数字经济行业的相关企业较早就开始使用数字技术,其交易成本本身就相对较低,而非数字经济行业的相关企业近年来才开始采用数字技术,其交易成本相对较高[15][22]。那么,非数字经济行业的企业在进行数字化转型上是否具有“后发优势”,从而能更好地利用数字化转型降低交易成本呢?我们根据2012年行业分类标准,将制造业中的计算机、通信和其他电子设备制造业以及信息传输、软件和信息技术服务业(包括电信、广播电视和卫星传输服务、互联网和相关服务、软件和信息技术服务业)划分为数字经济行业,其他行业则为非数字经济行业[41],由此进行分组回归。表5中(3)(4)列的回归结果显示,在非数字经济行业组别中,进行数字化转型显著降低了企业交易成本(系数为-0.288,且通过1%的显著性检验)。而在数字经济行业组别中,滞后一期的数字化转型指标的估计系数虽然为正,但没有通过显著性检验,这也证明了假设3是成立的。

六、结论与政策建议

数字化转型已成为关乎企业生存和长远发展的重要因素。本文通过对2008 — 2019年A股上市公司年报中关于数字化转型的关键词词频统计来构建企业数字化转型指标,检验了企业数字化转型对其交易成本的影响。研究发现,进行数字化转型能显著降低企业交易成本,并且对于信息搜寻成本、契约签订成本和契约履行成本均有抑制作用。

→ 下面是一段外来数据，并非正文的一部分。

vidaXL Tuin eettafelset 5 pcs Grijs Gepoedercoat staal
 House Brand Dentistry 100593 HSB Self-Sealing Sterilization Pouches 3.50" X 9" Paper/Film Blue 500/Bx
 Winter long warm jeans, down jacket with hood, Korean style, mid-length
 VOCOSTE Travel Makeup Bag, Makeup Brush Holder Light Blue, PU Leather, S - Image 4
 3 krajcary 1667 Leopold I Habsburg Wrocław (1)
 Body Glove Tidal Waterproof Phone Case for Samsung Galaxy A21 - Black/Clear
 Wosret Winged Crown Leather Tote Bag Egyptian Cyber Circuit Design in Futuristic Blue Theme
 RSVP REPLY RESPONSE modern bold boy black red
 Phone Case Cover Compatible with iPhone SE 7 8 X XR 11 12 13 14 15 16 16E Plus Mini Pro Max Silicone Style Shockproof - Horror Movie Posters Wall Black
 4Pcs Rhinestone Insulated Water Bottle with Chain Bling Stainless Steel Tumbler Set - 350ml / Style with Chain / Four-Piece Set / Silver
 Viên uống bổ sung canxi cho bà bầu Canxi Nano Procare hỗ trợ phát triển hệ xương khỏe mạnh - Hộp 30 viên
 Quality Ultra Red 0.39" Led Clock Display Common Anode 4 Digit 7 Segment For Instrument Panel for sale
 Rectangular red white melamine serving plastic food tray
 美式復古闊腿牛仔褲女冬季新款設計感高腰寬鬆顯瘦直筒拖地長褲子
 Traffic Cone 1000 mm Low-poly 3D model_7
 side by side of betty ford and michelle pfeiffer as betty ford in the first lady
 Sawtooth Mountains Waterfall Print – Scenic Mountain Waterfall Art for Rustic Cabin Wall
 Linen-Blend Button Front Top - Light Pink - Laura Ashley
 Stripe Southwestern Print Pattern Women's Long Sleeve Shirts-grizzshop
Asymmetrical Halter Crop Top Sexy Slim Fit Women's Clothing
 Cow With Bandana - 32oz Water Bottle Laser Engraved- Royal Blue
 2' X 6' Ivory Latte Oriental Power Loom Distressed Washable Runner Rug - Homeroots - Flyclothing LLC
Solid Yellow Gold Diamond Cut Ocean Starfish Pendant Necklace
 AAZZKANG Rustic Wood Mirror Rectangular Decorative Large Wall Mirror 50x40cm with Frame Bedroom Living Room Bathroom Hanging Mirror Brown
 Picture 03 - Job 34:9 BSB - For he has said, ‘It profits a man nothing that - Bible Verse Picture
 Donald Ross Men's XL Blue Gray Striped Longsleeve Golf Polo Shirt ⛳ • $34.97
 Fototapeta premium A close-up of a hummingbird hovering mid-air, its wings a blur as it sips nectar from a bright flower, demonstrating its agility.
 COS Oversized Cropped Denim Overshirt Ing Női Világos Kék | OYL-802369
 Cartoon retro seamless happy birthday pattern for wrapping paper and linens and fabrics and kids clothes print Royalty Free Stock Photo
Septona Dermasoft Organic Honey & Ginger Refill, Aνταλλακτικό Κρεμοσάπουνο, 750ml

此外,高新技术企业、非数字经济行业的相关企业能更好地利用数字化转型降低其交易成本。

本文的研究有着丰富的政策含义。首先,政府应采取多样化的政策助力企业顺利实施数字化转型。政策和制度的完善是提高数字经济发展水平的重要保障,政府应深化数字经济领域“放管服”改革,对数字经济发展的不同方面施行差别化的监管政策,优化数字化发展环境。同时,政府还应加强数字基础设施建设。数字化基础设施建设对于数字经济发展和企业进行数字化转型有着极为关键的作用,政府应重视数字化基础设施的建设与完善,继续大力推进5G技术、智能化和大数据平台等“新基建”工程,完善网络基础设施建设,有针对性地布局“新基建”,为企业数字化转型提供最基本的保障。其次,非数字经济行业的相关企业应增强数字化转型意识,制定数字化转型战略。数字技术水平在一定程度上决定了企业数字化转型能否成功,因而非数字经济行业也应加大信息技术软硬件等设备设施方面的投入,充分发挥云计算、大数据、物联网、人工智能、区块链等新一代信息技术的先导作用,推进技术集成融合,从而降低交易成本。